But the way things have been going, it is getting harder to believe.
The Rays took an early lead again Sunday, messed it up again and lost late again, this time 5-4 to the Orioles on a walkoff single by Miguel Tejada off Seth McClung.
"Unbelievable," first baseman Travis Lee said. "Things just seem to happen. Little quirky things. We've been playing competitive baseball, we're just not getting that break that we need. I don't know. All we can do is keep battling. Keep battling and keep trying."
The road has been particularly vexing and perplexing. Sunday's loss was their 10th straight away from Tropicana Field, their 20th in 21 road games since the All-Star break and 48th in 66 for the season away from home.
Sunday, they got a decent start from J.P. Howell, filling in for injured ace Scott Kazmir, and took leads of 2-0 and 4-2 but couldn't expand or hold them.
They left 13 men on (including four at third base) while starting six innings with hits, went 3-for-18 with runners in scoring position and didn't run the bases particularly well, with Dioner Navarro not scoring on a drive to right and rookie Ben Zobrist breaking to the plate a tad late on a contact play and getting thrown out. It didn't help that Tejada also made two spectacular plays, twice robbing Damon Hollins.
"It is kind of hard to believe," said centerfielder Rocco Baldelli, who left in the eighth inning with a cramp in his left hamstring but said he was fine. "Really nothing's going our way. We had our chances again. We just can't get it done when he have guys on base."
And they allowed the Orioles to get back in it, giving up single runs in the seventh, eighth and ninth, with Tejada the key force in the tying and winning runs.

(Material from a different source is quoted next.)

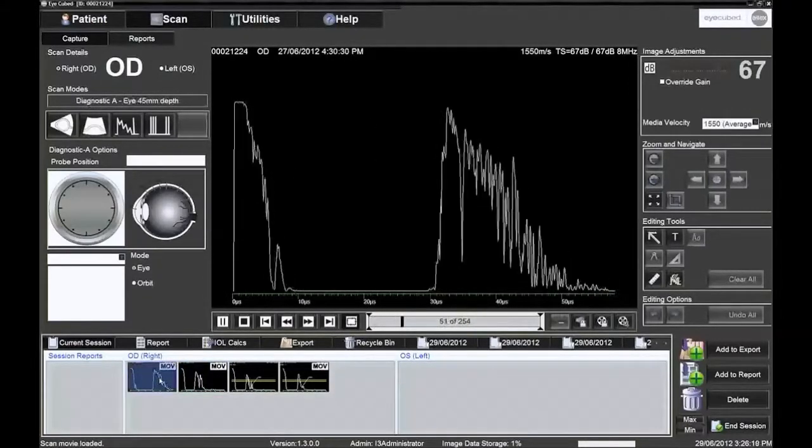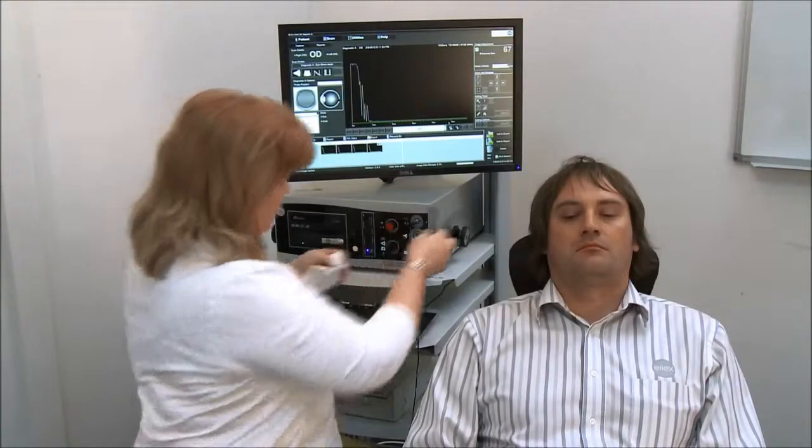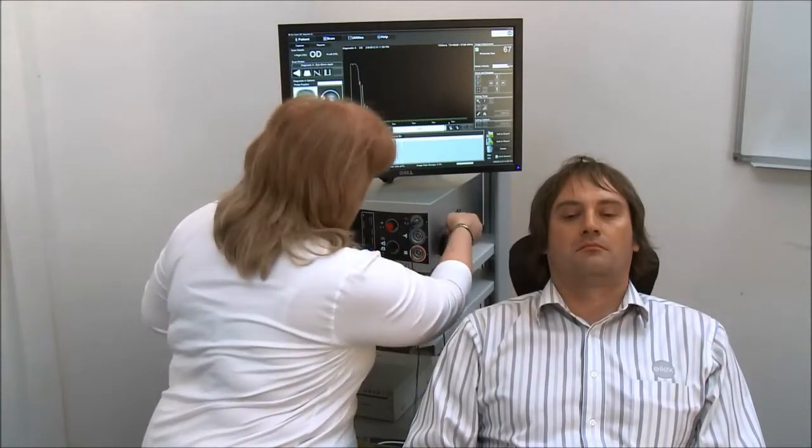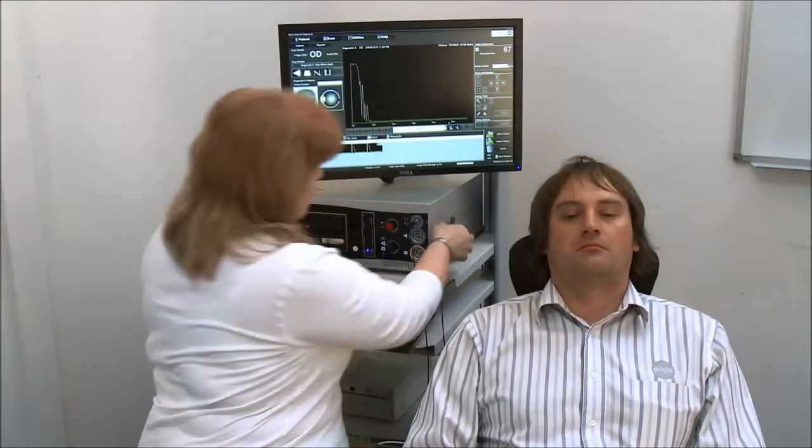As soon as patient examination is complete, clean the probe and place upright in the probe holder.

"I'm going to have dreams about that dude tonight," Hollins said. "It's one of those games, one of those frustrating games. I thought we had it nailed down, and we kind of let it slip away late in the game."

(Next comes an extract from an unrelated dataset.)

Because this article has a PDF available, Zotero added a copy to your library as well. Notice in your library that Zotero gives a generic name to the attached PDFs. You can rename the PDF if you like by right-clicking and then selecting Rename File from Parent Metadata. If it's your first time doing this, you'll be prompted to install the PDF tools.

The run in the seventh came after one ball rocketed past third baseman B.J. Upton and another bounced too slowly for second baseman Jorge Cantu to make a play. The one in the eighth came after Hollins dropped a Tejada drive as he backed into the centerfield wall ("The wall caused the fumble," Maddon said.) And the winning run in the ninth came when Nick Markakis singled off McClung (who hit 100 mph on the radar gun earlier in the at-bat), Melvin Mora walked and Tejada bounced a single between first and second.
Markakis even stumbled around third, but Greg Norton - whom the Rays had to keep in rightfield because they had no more outfielders with Baldelli out - could not throw him out. "I just tried to make a strong, accurate throw home," Norton said. "It was accurate. I don't know how strong it was."
It was the second straight night the Rays lost on the last pitch, the eighth time this season. It also was the 47th time they lost after leading - an amazing 11 more than any other team - and ran their major-league high total of blown leads to 75.
"A lot of interesting stuff. It was a great learning kind of game," Maddon said. "We're going to start winning these type of games. I just want to keep the espirit de corps where it is and just keep teaching and talking and supporting, and it's eventually going to turn in our favor."